* WHAT YOU WILL DO: Keep the pictures out and restate every record exactly.

--- SOURCE MATERIAL ---

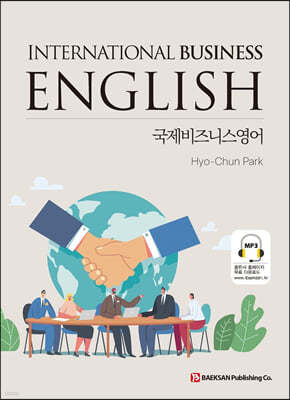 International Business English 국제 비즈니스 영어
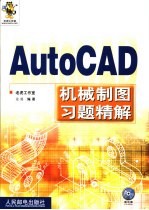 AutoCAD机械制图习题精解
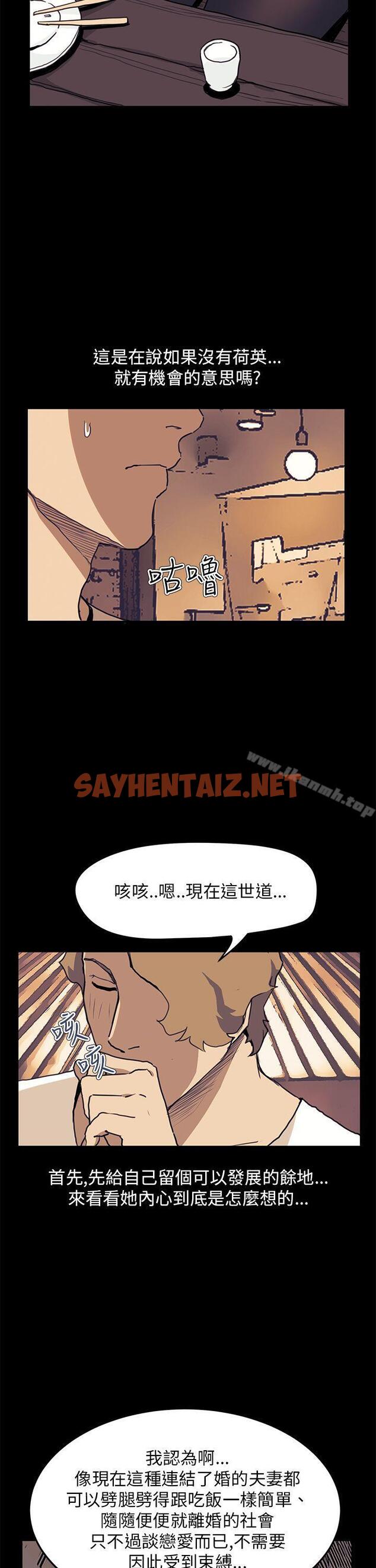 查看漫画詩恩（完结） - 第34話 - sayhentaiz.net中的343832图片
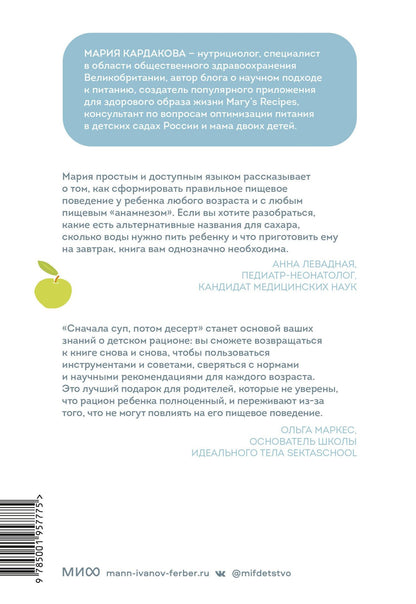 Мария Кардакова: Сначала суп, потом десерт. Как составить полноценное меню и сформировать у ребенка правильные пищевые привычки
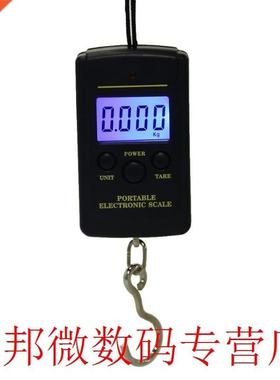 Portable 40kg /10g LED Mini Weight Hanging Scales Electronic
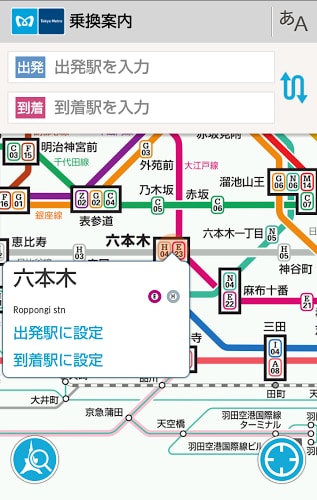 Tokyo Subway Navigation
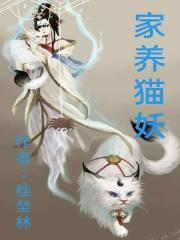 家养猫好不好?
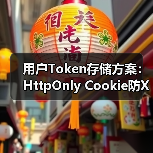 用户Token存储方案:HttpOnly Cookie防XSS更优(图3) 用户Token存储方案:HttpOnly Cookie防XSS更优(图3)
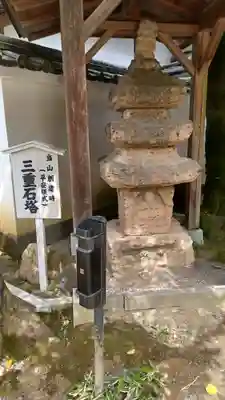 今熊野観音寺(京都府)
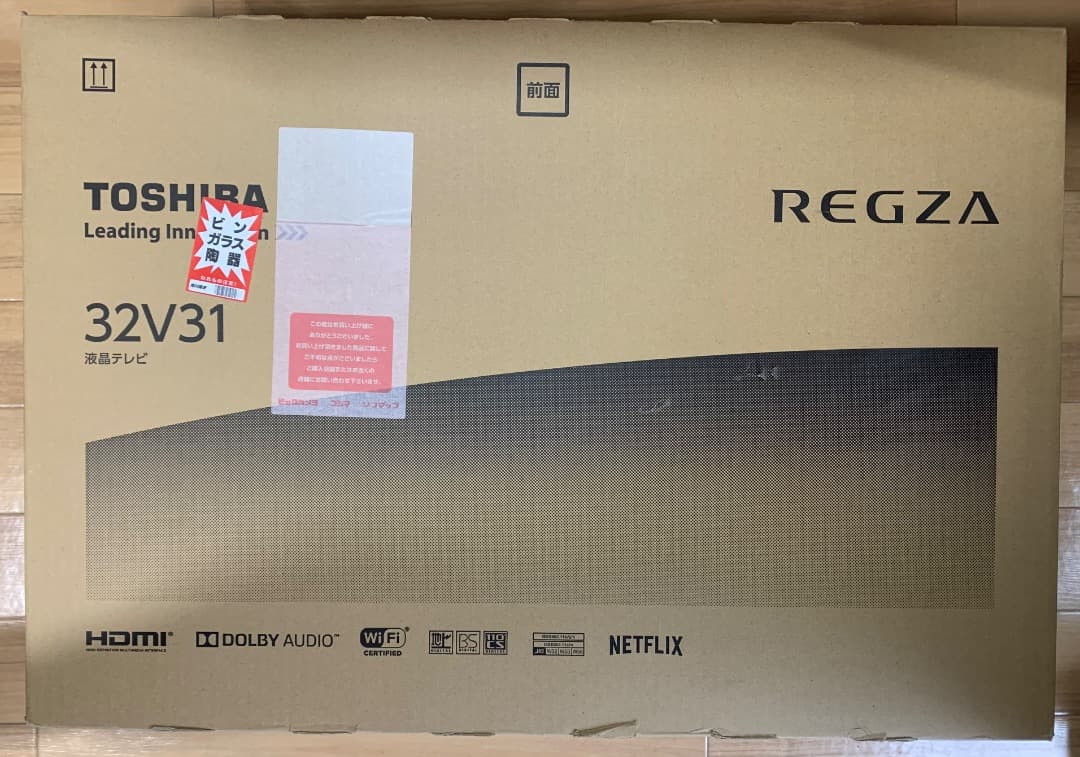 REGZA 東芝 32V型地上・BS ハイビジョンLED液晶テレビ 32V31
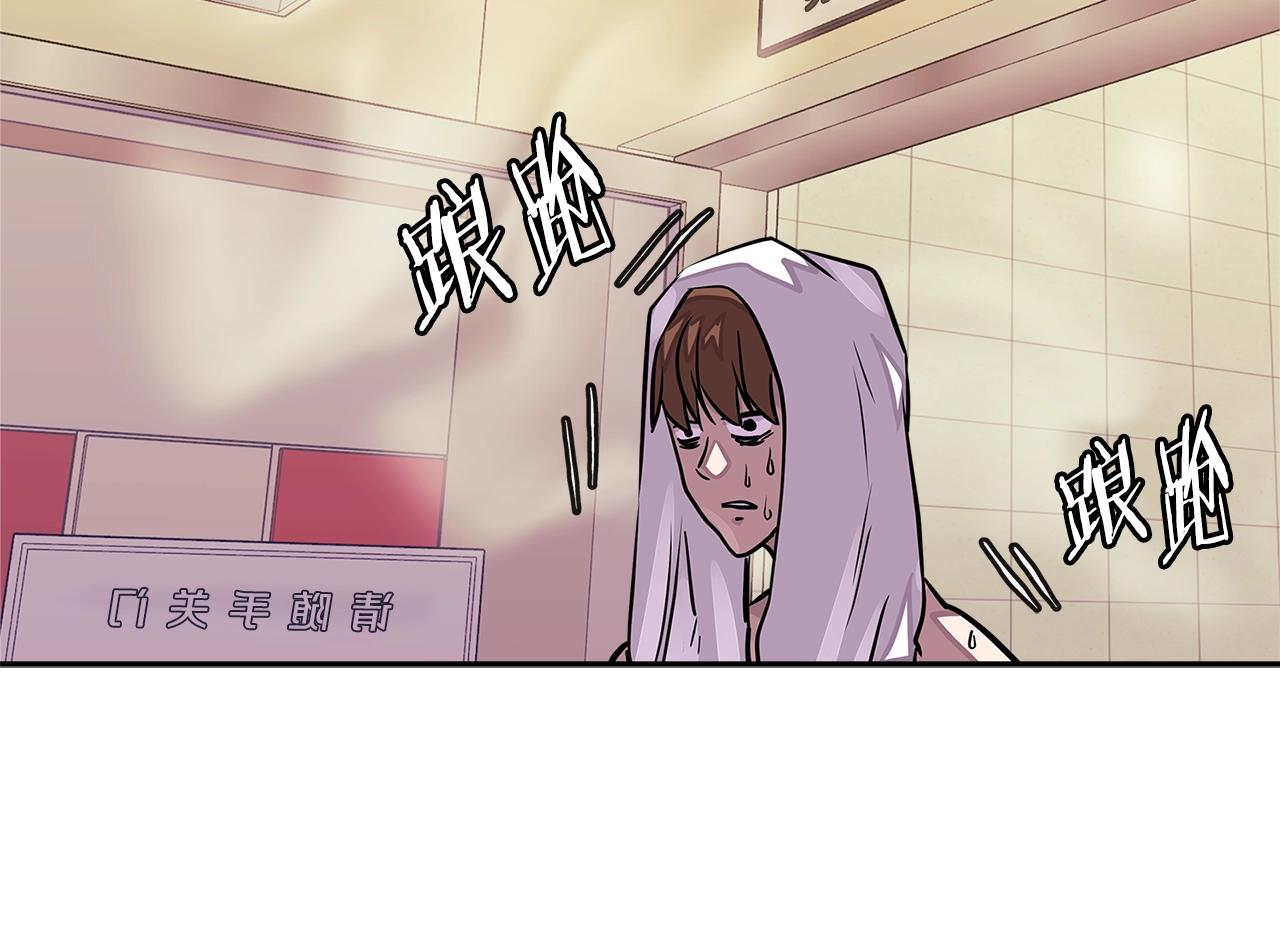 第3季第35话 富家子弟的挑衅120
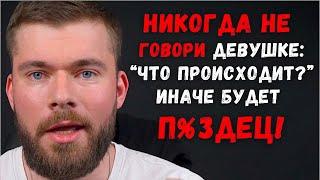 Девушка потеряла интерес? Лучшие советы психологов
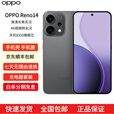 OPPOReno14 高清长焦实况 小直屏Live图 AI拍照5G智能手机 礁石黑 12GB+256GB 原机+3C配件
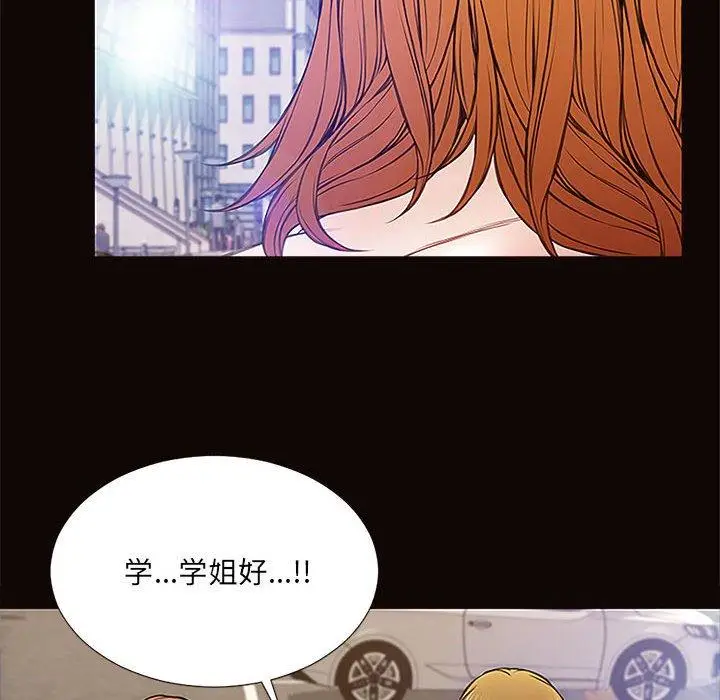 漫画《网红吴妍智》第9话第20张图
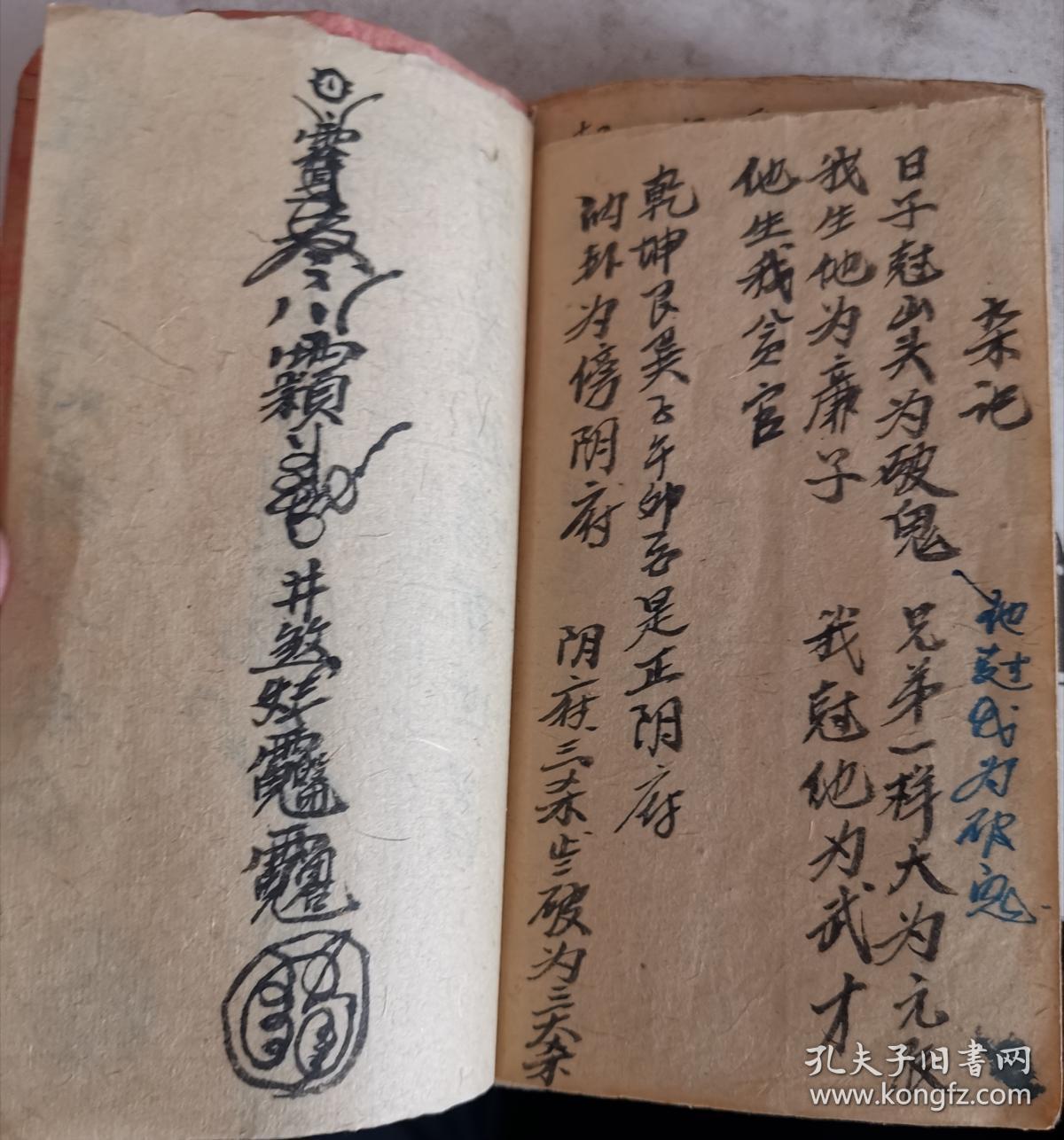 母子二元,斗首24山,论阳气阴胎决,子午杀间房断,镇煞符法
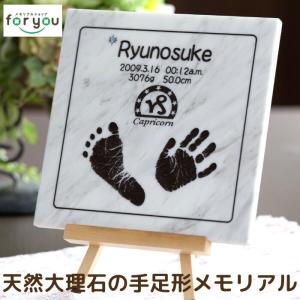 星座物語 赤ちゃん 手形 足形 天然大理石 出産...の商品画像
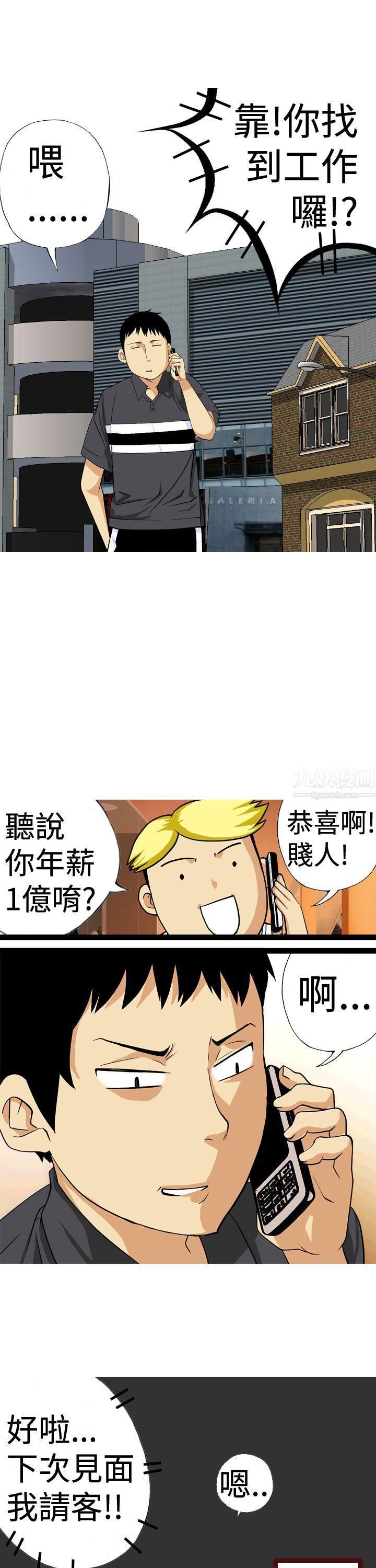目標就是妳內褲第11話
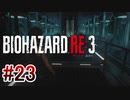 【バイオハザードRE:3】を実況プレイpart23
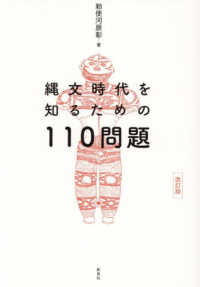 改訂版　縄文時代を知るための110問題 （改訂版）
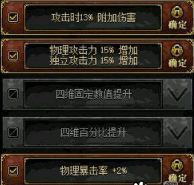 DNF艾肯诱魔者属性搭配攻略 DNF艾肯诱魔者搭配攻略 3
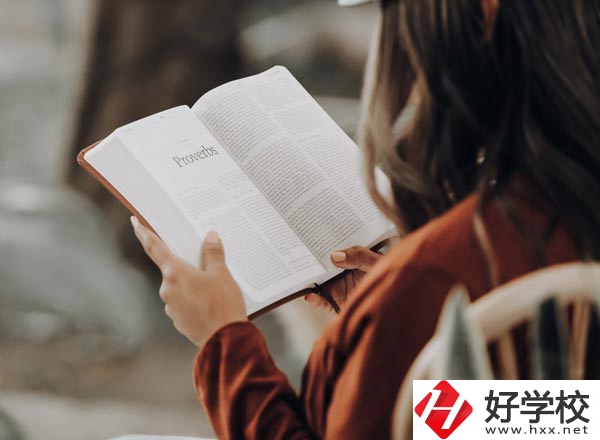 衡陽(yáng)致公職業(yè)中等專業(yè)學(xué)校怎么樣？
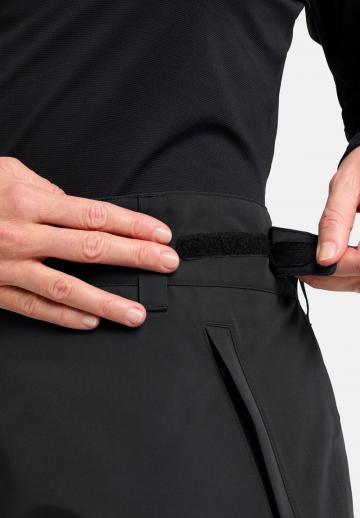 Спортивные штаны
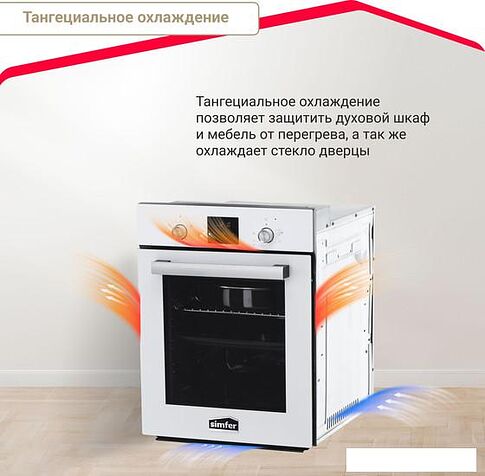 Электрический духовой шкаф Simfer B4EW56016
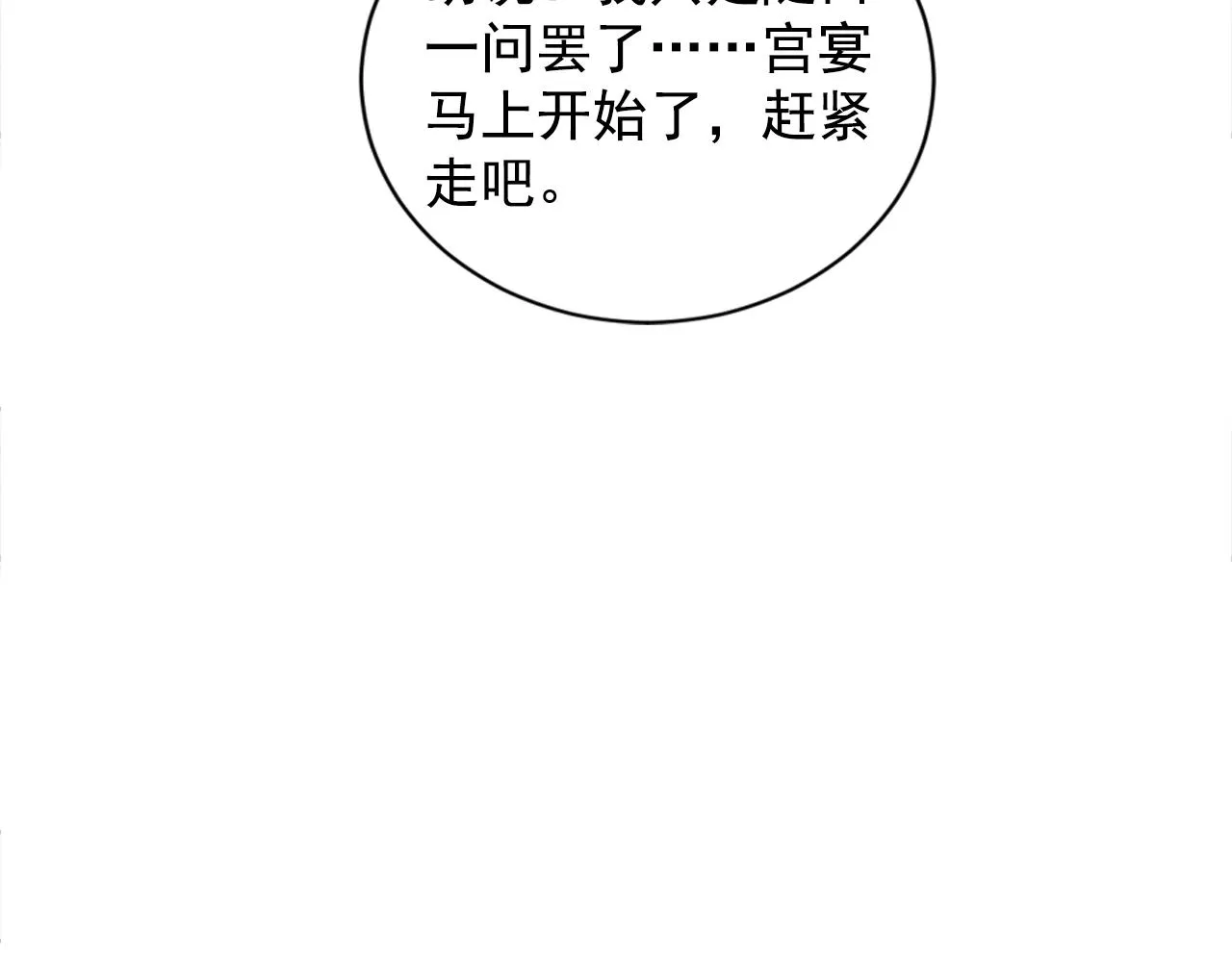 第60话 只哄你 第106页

---

* ANSWER SPACE:
 International Business English 국제 비즈니스 영어
 AutoCAD机械制图习题精解
 查看漫画詩恩（完结） - 第34話 - sayhentaiz.net中的343832图片
 Мария Кардакова: Сначала суп, потом десерт. Как составить полноценное меню и сформировать у ребенка правильные пищевые привычки
 Portable 40kg /10g LED Mini Weight Hanging Scales Electronic
 Tokyo Subway Navigation
 家养猫好不好?
 用户Token存储方案:HttpOnly Cookie防XSS更优(图3) 用户Token存储方案:HttpOnly Cookie防XSS更优(图3)
 今熊野観音寺(京都府)
 REGZA 東芝 32V型地上・BS ハイビジョンLED液晶テレビ 32V31
 第3季第35话 富家子弟的挑衅120
 Девушка потеряла интерес? Лучшие советы психологов
 OPPOReno14 高清长焦实况 小直屏Live图 AI拍照5G智能手机 礁石黑 12GB+256GB 原机+3C配件
 漫画《网红吴妍智》第9话第20张图
 母子二元,斗首24山,论阳气阴胎决,子午杀间房断,镇煞符法
 星座物語 赤ちゃん 手形 足形 天然大理石 出産...の商品画像
目標就是妳內褲第11話
 【バイオハザードRE:3】を実況プレイpart23
 改訂版　縄文時代を知るための110問題 （改訂版）
 DNF艾肯诱魔者属性搭配攻略 DNF艾肯诱魔者搭配攻略 3
 衡陽(yáng)致公職業(yè)中等專業(yè)學(xué)校怎么樣？
 Спортивные штаны
 Электрический духовой шкаф Simfer B4EW56016
 第60话 只哄你 第106页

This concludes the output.